Jedną z najlepszych gier, o których pisaliśmy na Droidku, jest w mojej ocenie Pixel Dunegon. Rosyjski RPG, którego akcja rozgrywa się w podmokłych podziemiach miał (przynajmniej w chwili premiery) tę szczególną zaletę, że nie było w nim żadnych reklam, przerywników, mikropłatności czy jakichkolwiek ograniczeń, wymagających od nas płacenia. Ku mojej i być może Waszej uciesze, trafiłem wczoraj na produkcję wydaną na podobnych zasadach przez GuGames DEV. Poznajcie Stories of Bethem 🙂
Twórcy wydali ją jako niezależne (indie) studio i być może dzięki temu nie przyświecał im cel, by się wzbogacić. W efekcie dostajemy bardzo fajną grę fabularną, która zdaniem autorów zapewnia ponad 10 godzin rozgrywki. Nasza przygoda ma miejsce w nieokreślonym czasowo rozdziale historii przypominającym średniowiecze, w którym spotykamy wiedźmy, przeróżne potwory i dostajemy dość oklepany cel – uratować świat przed zagładą ze strony złych mocy. Czeka na nas ponad 400 różnych fantów do zebrania, zaklęcia do nauczenia się i niezliczone łany lasów, pustyń, miast i zamków do przebycia. Warto podkreślić, że Stories of Bethem jest silnie nastawione na dialogi – są one długie i na temat, ale dla osób słabo znających choćby podstawy angielskiego, bądź niechętne do czytania, liczne rozmowy mogą być nieco upierdliwe.

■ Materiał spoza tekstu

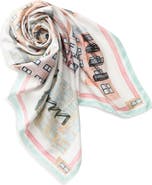 Lafayette 148 New York Pied-à-Terre Print Cashmere & Silk Square Scarf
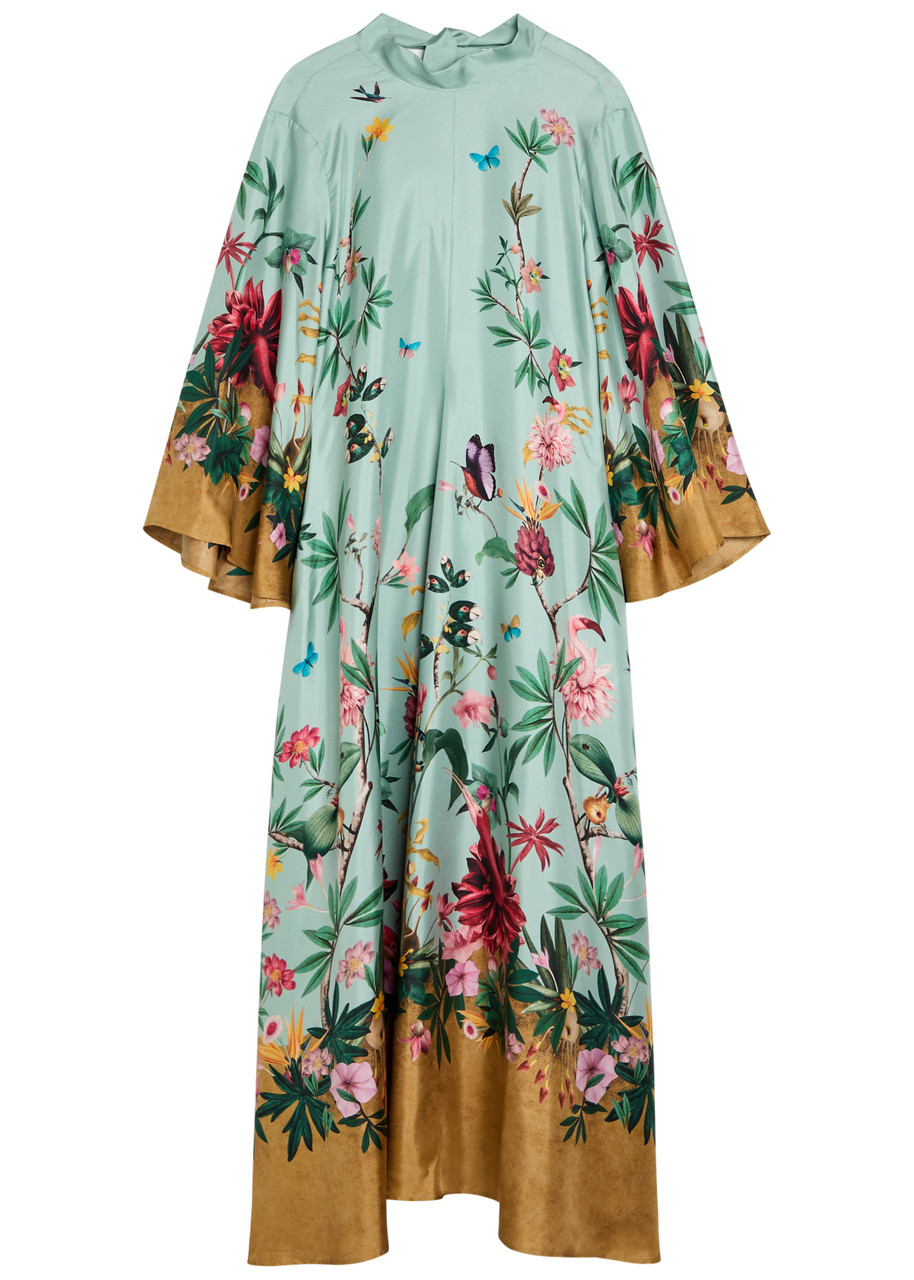 LA Double J Magnifico Printed Silk Maxi Dress - Blue - S - S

Całość tworzy jednak ciekawą historię osadzoną w realiach wykonanych w pięknej, pixel-art’owej grafice niezakłóconej żadnymi ofertami klejnotów za 9,99zł albo banerów z cyckami Kate Upton reklamującej Game of War 😀
Wymagana wersja Androida: 2.3 lub wyższa
Rozmiar: ok. 43MB
czarnowidz - 28 stycznia, 2016 @ 18:45
Ktoś tu się pukemonami inspirował, jeśli chodzi o grafikę.